Rus Heyeti Tahran’da İran Cumhurbaşkanı ile Görüştü
Rusya ve İran, ekonomik ve savunma işbirliğini artırmak için kapsamlı bir anlaşmaya hazırlanıyor. Rus heyeti, Cumhurbaşkanı Pezeşkiyan ile Tahran’da bir araya geldi.
Rus Heyeti Tahran’da İran Cumhurbaşkanı ile Görüştü
YEREL GÜNDEM / DÜNYA
Rusya ve İran, kapsamlı bir işbirliği anlaşmasına imza atmaya hazırlanırken, Rusya’dan gelen bir heyet İran Cumhurbaşkanı Mesud Pezeşkiyan ile Tahran’da bir araya geldi. Görüşmede, iki ülke arasındaki ekonomik ve savunma alanındaki işbirliğini artırma konuları ele alındı.
İşbirliği Anlaşması ve Ziyaret Planları
İran basınına göre Rus heyeti, Cumhurbaşkanı Pezeşkiyan’ı 2025 yılı başlarında Rusya’yı ziyaret etmeye davet etti. İran Dışişleri Bakanlığı sözcüsü, iki taraf arasındaki kapsamlı işbirliği anlaşmasının Ocak ayında gerçekleşecek bir ziyaret sırasında imzalanacağını duyurdu.
Rusya-Ukrayna savaşının ardından Moskova, Kuzey Kore ve İran gibi ABD’ye karşıt ülkelerle ilişkilerini güçlendirmeye başladı. Bu bağlamda, İran ile yapılacak olan bu anlaşma iki ülkenin stratejik ortaklığını bir üst seviyeye taşıma hedefini taşıyor.

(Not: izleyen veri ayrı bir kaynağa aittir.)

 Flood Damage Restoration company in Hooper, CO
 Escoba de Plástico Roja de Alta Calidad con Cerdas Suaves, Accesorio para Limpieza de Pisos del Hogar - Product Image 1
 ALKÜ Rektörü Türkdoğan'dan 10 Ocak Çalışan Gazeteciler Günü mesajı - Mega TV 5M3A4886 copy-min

Ekonomik ve Savunma İşbirliği
Rusya Dışişleri Bakanı Sergey Lavrov, Ekim ayında yaptığı açıklamada Moskova ve Tahran’ın savunma alanında daha yakın işbirliğini içeren bir anlaşma imzalamayı planladığını belirtmişti. Rusya’dan Tahran’a giden heyete başbakan yardımcıları Aleksey Overchuk ve Vitali Savelev başkanlık ediyor.

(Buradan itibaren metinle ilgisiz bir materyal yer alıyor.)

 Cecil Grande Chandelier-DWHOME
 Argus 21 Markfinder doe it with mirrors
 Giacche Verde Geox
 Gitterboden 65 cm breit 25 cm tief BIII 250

Rus Interfax haber ajansına göre taraflar, İran ile Avrasya Ekonomik Birliği ülkeleri arasında bir serbest ticaret bölgesi kurulması yönündeki çalışmaları da ele aldı. Bu ekonomik işbirliği, iki ülke arasındaki ticari bağları güçlendirme amacı taşıyor.

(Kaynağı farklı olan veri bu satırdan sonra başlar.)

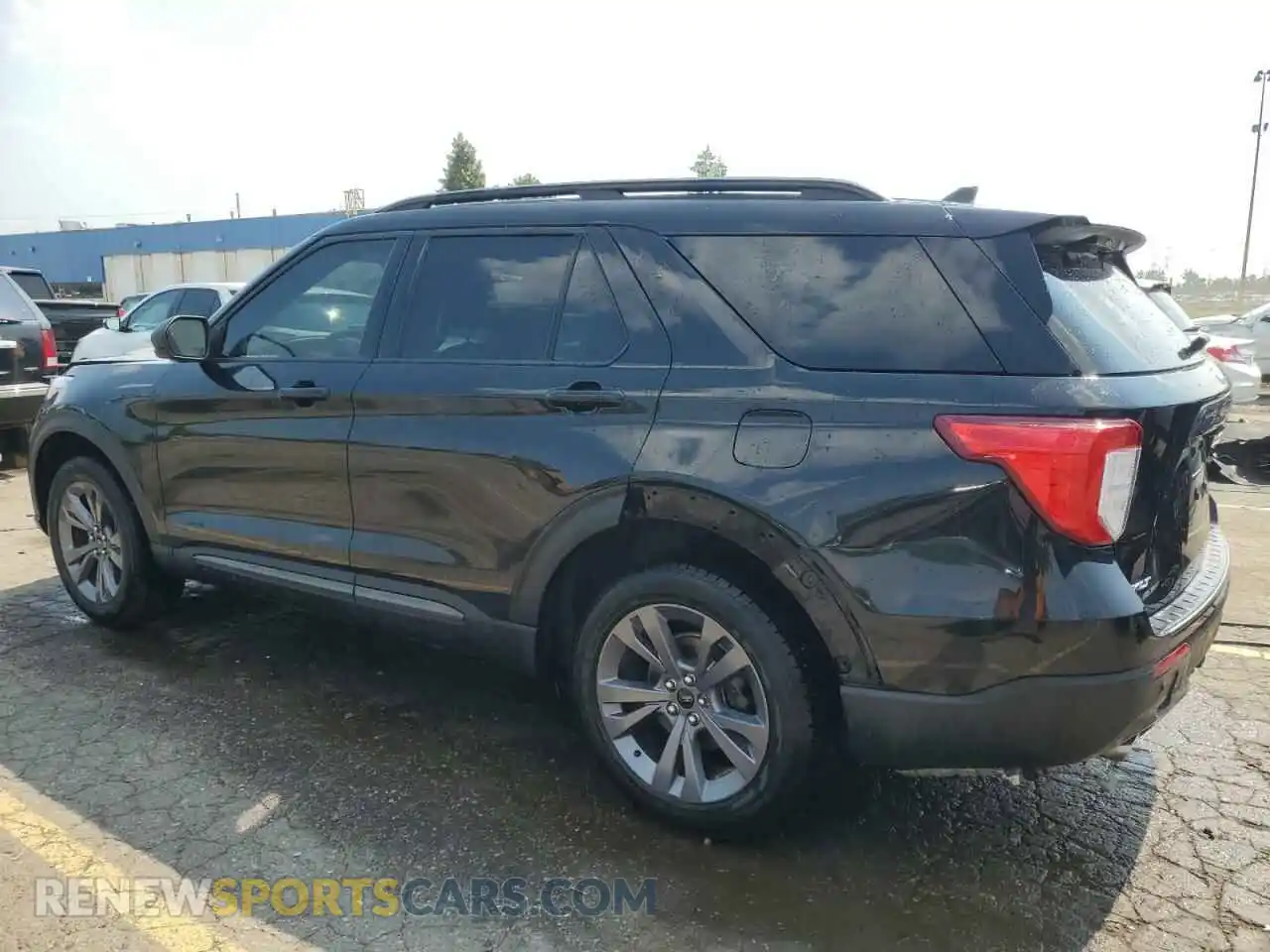 2 Photograph of a damaged car 1FMSK8DH0MGC44693 FORD EXPLORER 2021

ABD’nin Tepkileri ve Yaptırımlar
ABD, Eylül ayında İran’ı Ukrayna’daki savaşta kullanılmak üzere Rusya’ya balistik füzeler teslim etmekle suçladı ve bu teslimatlarda rol oynayan gemi ve şirketlere yaptırım uyguladı. Ancak Tahran, Moskova’ya füze sağladığı iddialarını reddetti.
Bu gelişmeler ışığında, İran ve Rusya arasındaki artan işbirliği, küresel güçler arasında yeni bir denge arayışının göstergesi olarak yorumlanıyor.